La situation politique est aussi resserré finalement autour de 4 grandes puissances : Etats-Unis, Chine, Fédération de Russie et Europe avec une gestion de la crise très différentes pour chacune… Finalement, seule l’Europe semble prendre la mesure et les mesures pour redresser la barre : tu y crois vraiment ou s’agit-il d’un vœu pieu que l’Europe soit l’exemple ?

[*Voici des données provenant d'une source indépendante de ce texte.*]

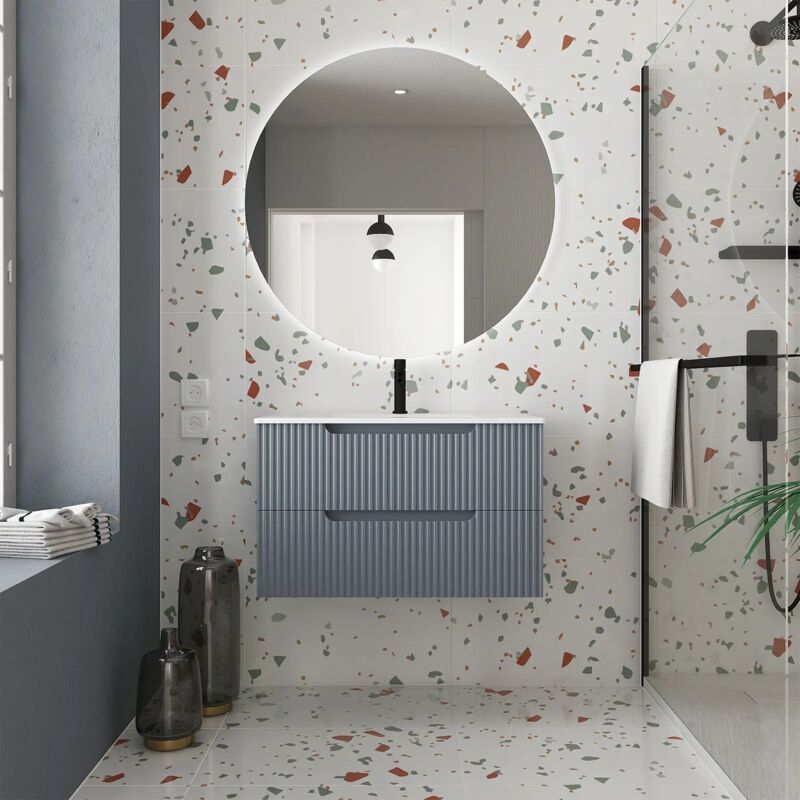 foto del prodotto aurlane mobile bagno 80cm grigio topo 2 cassetti in mdf ondulato lavabo da incasso bianco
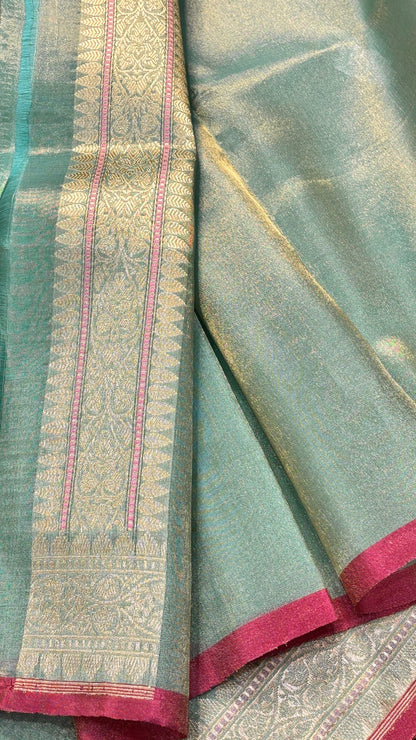 Sage Green Tissue Banarasi Silk Handwoven Saree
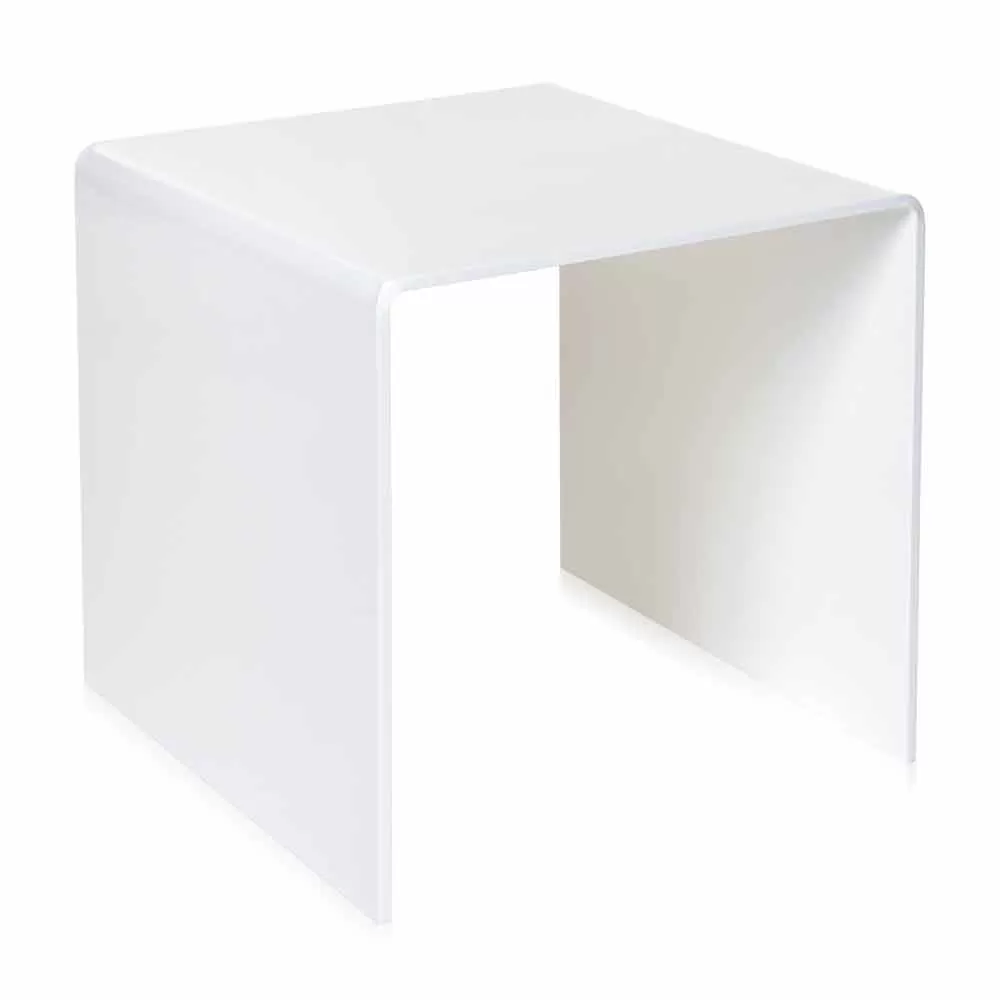 Modern Design White Side Table 50x50 Cm Terry Big, Made In Italy - Image 2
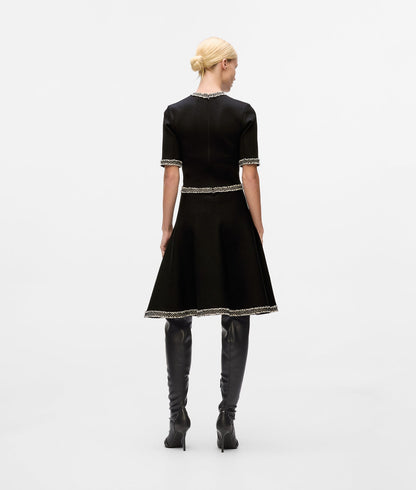 Karl Lagerfeld Bouclé Detail Knit Dress Black
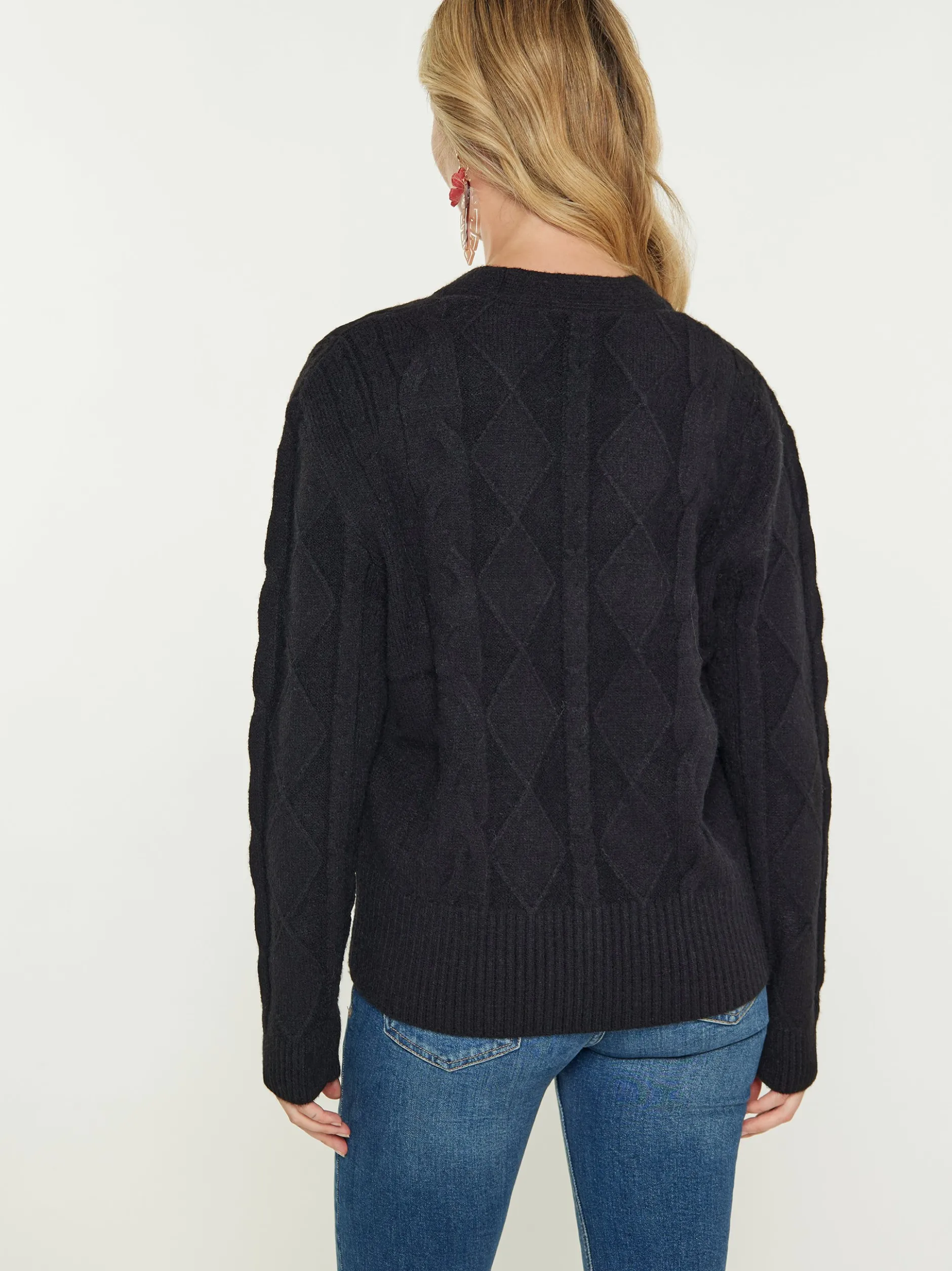 Usha Damen Strickjacke in schwarz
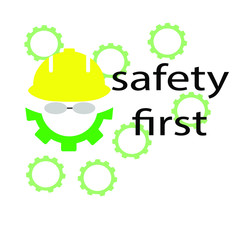 safety first logo vector. green gear and yellow helmet. use personal protective equipment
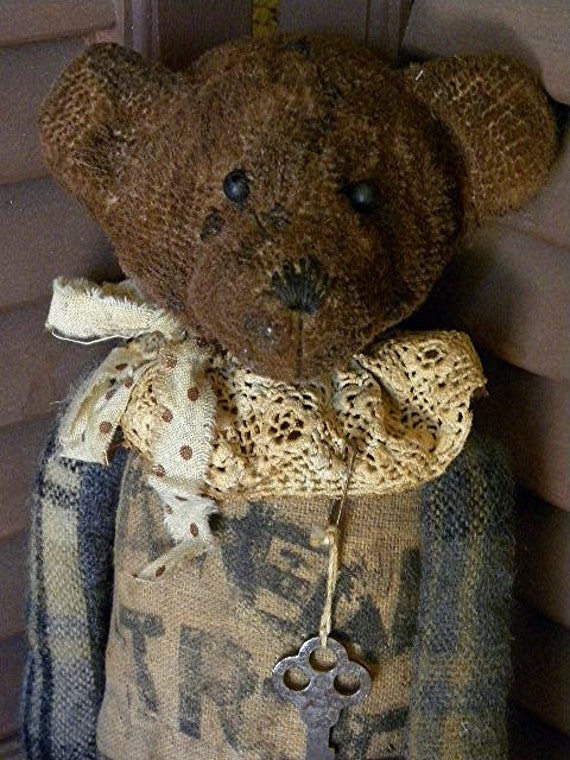 Primitive Bear Bear Teddy Bear Primitive Teddy Bear by mustardseed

A vrai dire, c’est entre les deux. Je voulais proposer dans le roman des solutions sociétales envisageables pour contribuer à une organisation socioéconomique écoresponsable. L’Europe me semble le meilleur candidat mais peut-être est-ce du chauvinisme ? Dans le roman en tous cas je n’avais pas le choix car c’est là que je pouvais développer ce sujet. En tous cas, l’hypothèse d’une Europe politiquement et militairement unifiée dont j ai fait le pari semble se dessiner au regard de l’émergence de menaces redevenues visibles – mais jamais disparues. J’espère que ce contexte n’éjectera pas l’environnement des priorités politiques européennes et des peuples. Il faut enfin souligner que cette Europe en Transition imaginée dans le roman reste très ambiguë. Est-ce une dictature verte ou une démocratie responsable s’interroge un des personnages (et l’auteur). Dans la mesure où les citoyens ont choisi cette voie, cela semble pencher en faveur de la démocratie ; mais néanmoins très éloignée de ce que nous entendons souvent derrière ce mot (et notamment la liberté de consommer tout et n’importe quoi si l’envie m’en prend et que j’en ai les moyens sans considération pour ses conséquences environnementales et donc in fine sociales).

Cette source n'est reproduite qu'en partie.